J’avais lu quelque part que c’était la semaine contre l’intimidation. Je trouvais ça vraiment bizarre qu’il s’agisse de la semaine où on en entend le moins parler au monde. Où est Jasmin Roy? J’ai dû lire ça dans un vieux magazine, ou voir ça dans une vieille émission de télé, parce que finalement, c’est pas du tout la semaine de l’intimidation. C’était autour du 2 octobre. Mais comme j’avais déjà tout prévu ma chronique dans ma tête et qu’on ne se lasse apparemment pas de parler de ce sujet-là, j’y vais pareil.
J’ai déjà été une intimidatrice. Pas au sens de 2012, comme dans «dire du mal de quelqu’un» ou «faire une joke déplacée sur une personnalité publique». Une vraie intimidatrice, comme en 1994, probablement la pire année de ma victime, appelons-la Marie-Soleil. Cette année-là, chaque matin, Marie-Soleil se rendait à l’école en se demandant ce qu’on lui réservait comme surprise. Allait-on voler ses effets scolaires, cracher dans son casier, mettre de la neige dans ses bottes, distribuer des dessins censés la représenter, lui chanter une chanson méchante qui l’humilierait? Je dis «on» car je n’étais pas la seule. L’intimidation, ça se fait en gang : à quoi ça sert, d’écœurer du monde, sinon qu’à asseoir sa suprématie sociale sur plus faible que soi?
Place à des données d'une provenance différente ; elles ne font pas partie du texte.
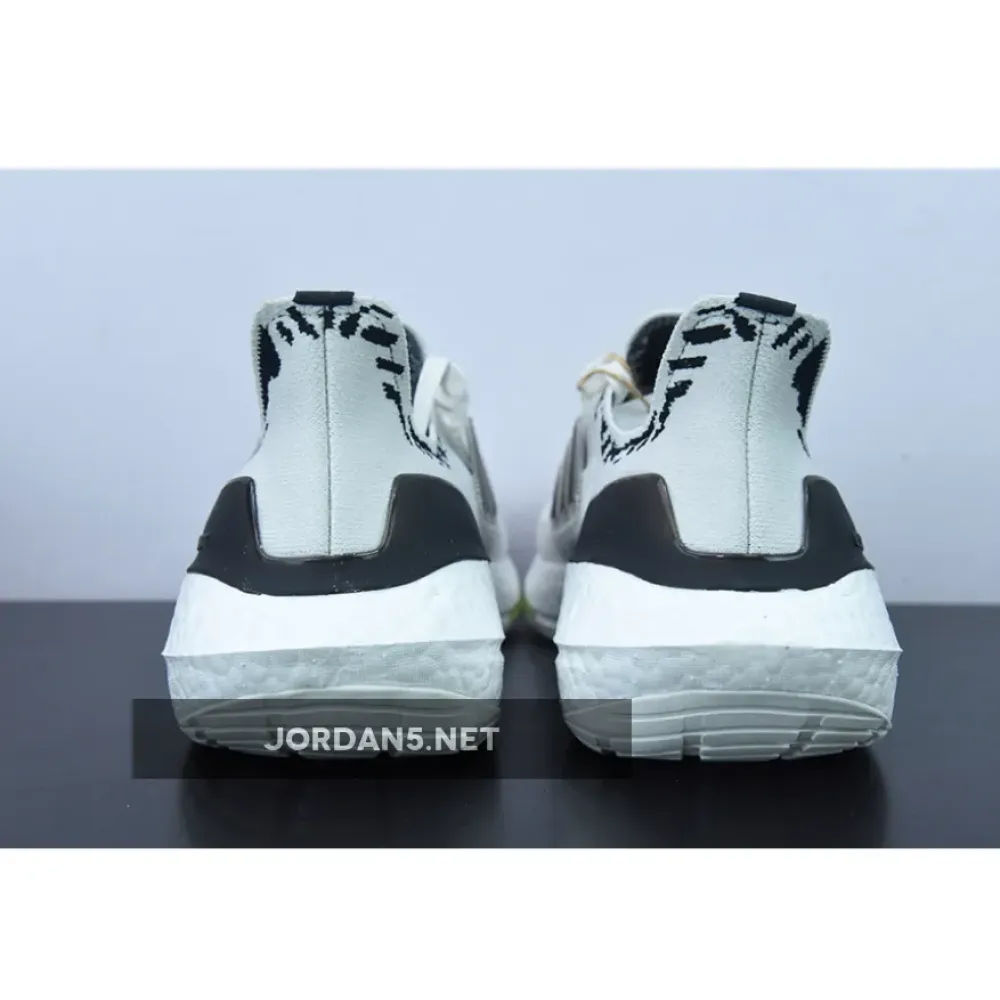 adidas Ultra Boost 22 Non Dyed/Core Black/Almost Lime  GX5573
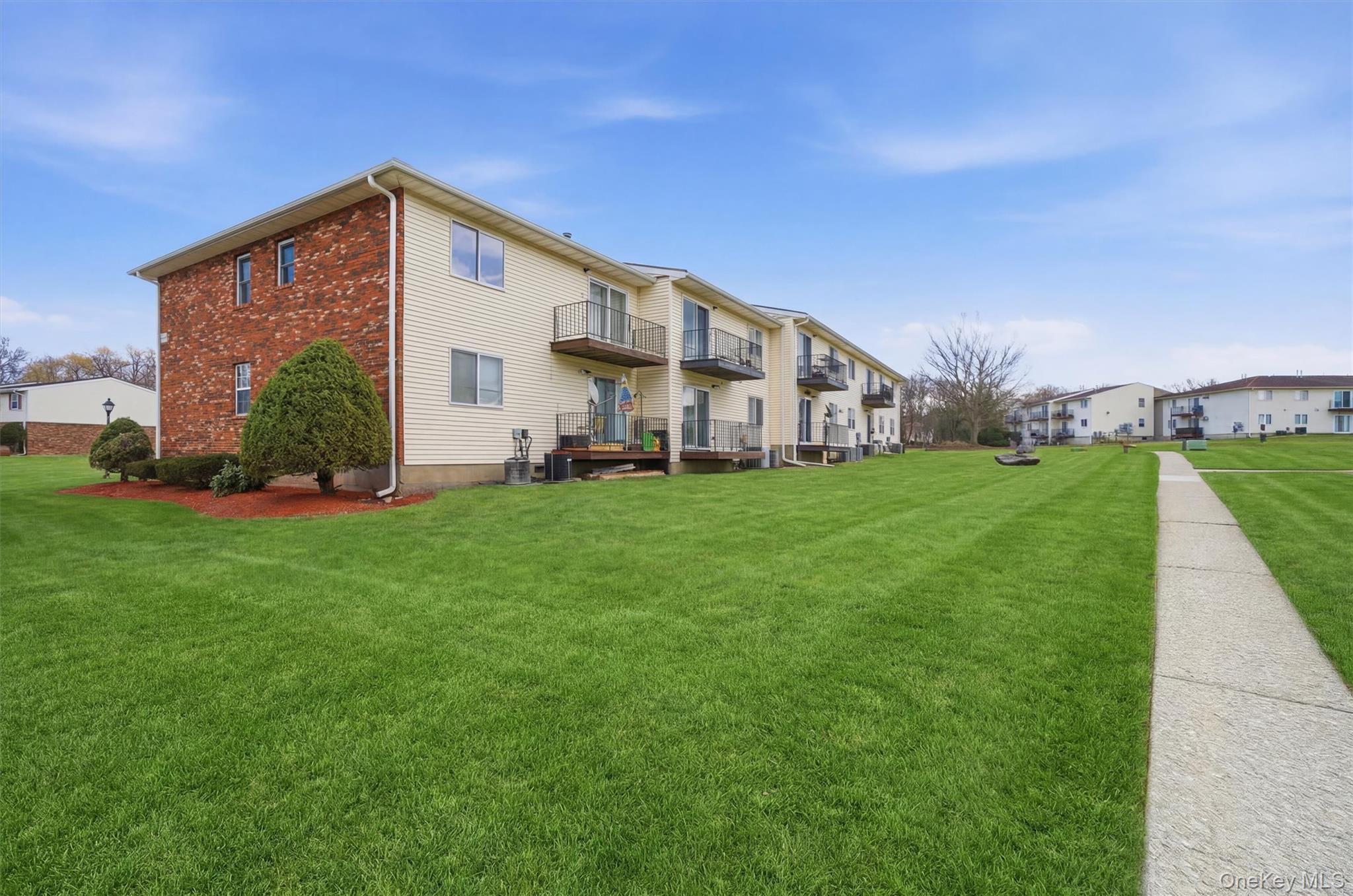 276 Temple Hill Road, Unit 1613 New Windsor, NY 12553 - Photo 24 of 32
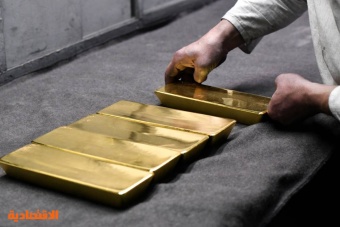 رقم قياسي جديد للذهب مع تجاوز الأونصة 2300 دولار مدفوعا باحتمال خفض الفائدة 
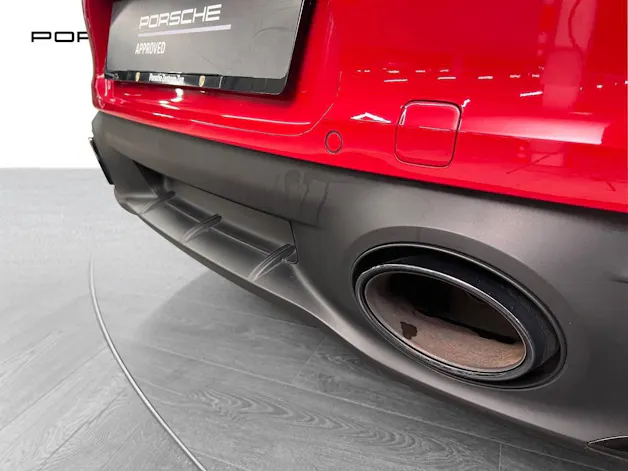 Porsche 911 Carrera 4 GTS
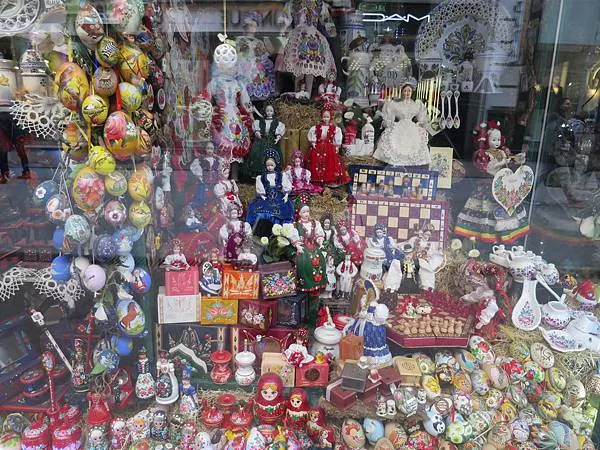 紀念品店販賣各種匈牙利娃娃
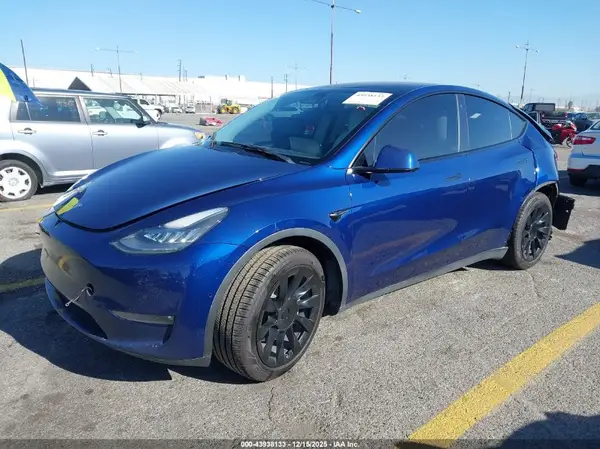 5YJYGDED7MF118071 2021 TESLA MODEL Y - Image 2
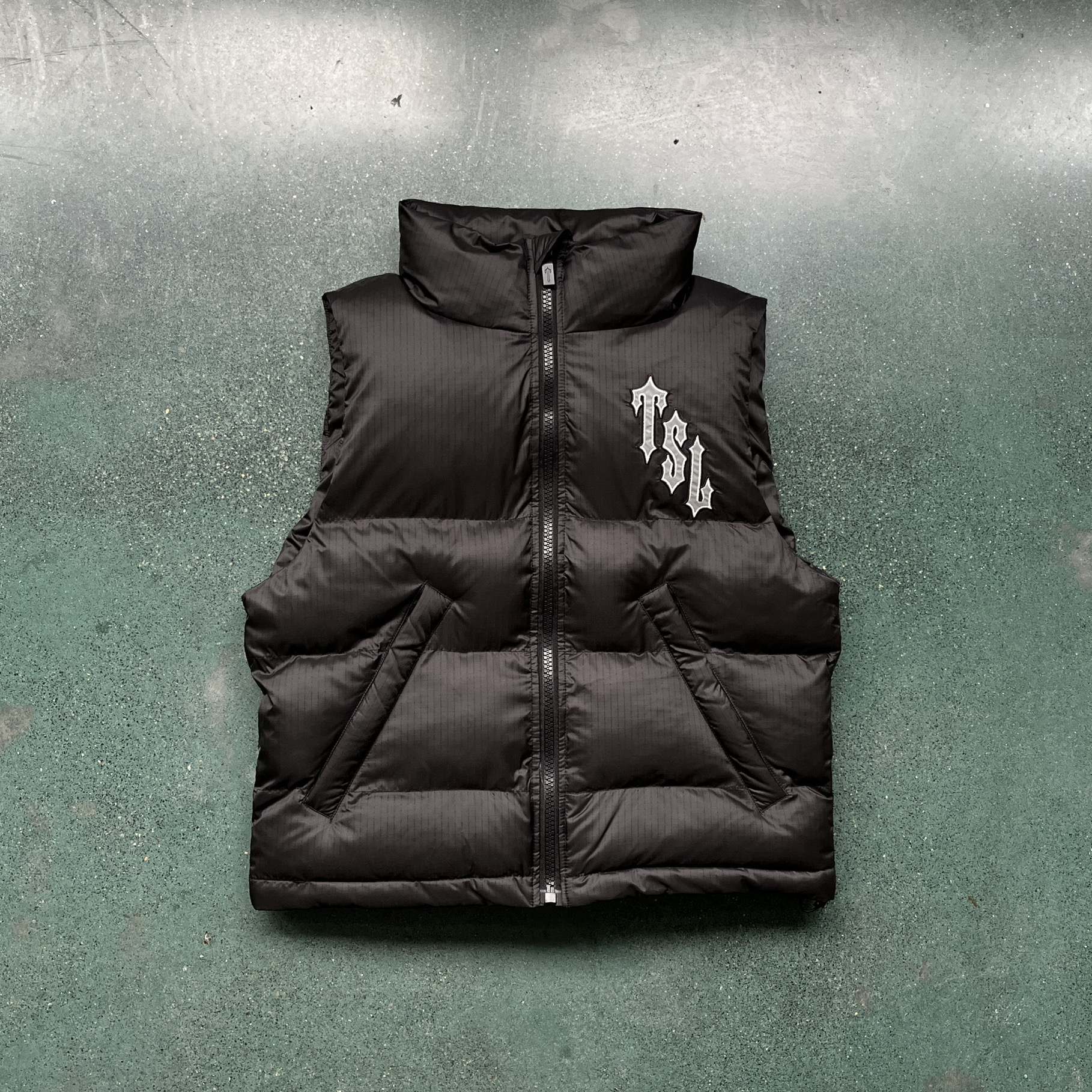 98_Trapstar Down Vest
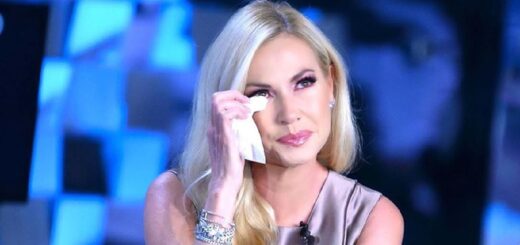 Federica Panicucci guida L’Ultima Notte Rosa: Canale 5 punta ancora su di lei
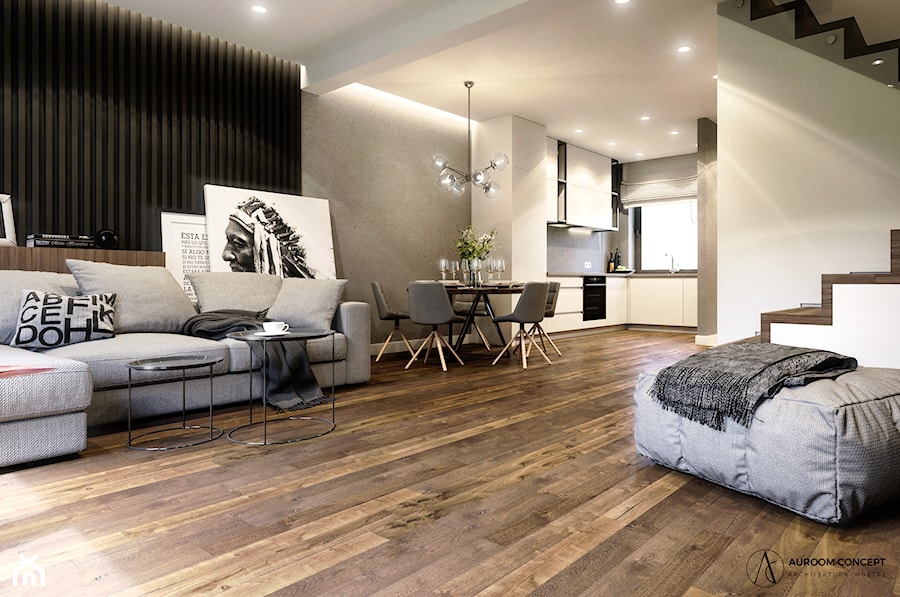 Nowoczesny salon z betonem i drewnianą podłogą - zdjęcie od Auroom Concept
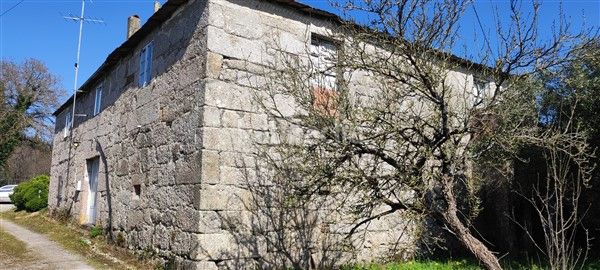 Foto a4a02760-4d07-4c0e-b279-cc5f8ed4056a. Casa a Parroquias del Este Lugo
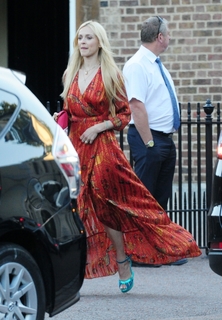 Fearne Cotton feet photo thumbnail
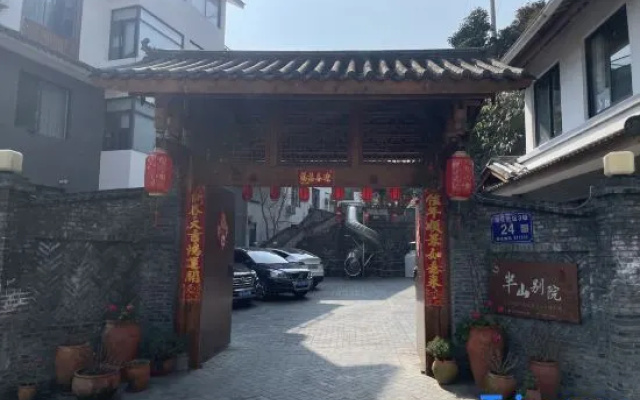 Dujiangyan Floating Spa Resort Villa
Avait-elle un surplus de poids? Parlait-elle plus fort que les autres? Était-elle socialement maladroite? Je ne sais plus trop, mais chose certaine, Marie-Soleil ne méritait certainement pas de vivre ce qu’elle a vécu. On était en 1994, Kurt Cobain venait de mourir, le vert forêt était à la mode, je venais de changer d’école, mais surtout, j’avais 11 ans. C’est pourquoi j’en parle aujourd’hui : je ne suis plus la même personne, et cette personne que j’étais à 11 ans n’était pas une mauvaise personne, une méchante intimidatrice : c’était une enfant avec un léger besoin d’encadrement. L’intimidation, c’est jamais tout noir ou tout blanc, on le réalise quand on voit Laurie d’Occupation Double. Je sais que vous n’écoutez pas ça, vous, Occupation Double, mais si vous l’écoutiez, vous comprendriez peut-être plus le sens de la vie.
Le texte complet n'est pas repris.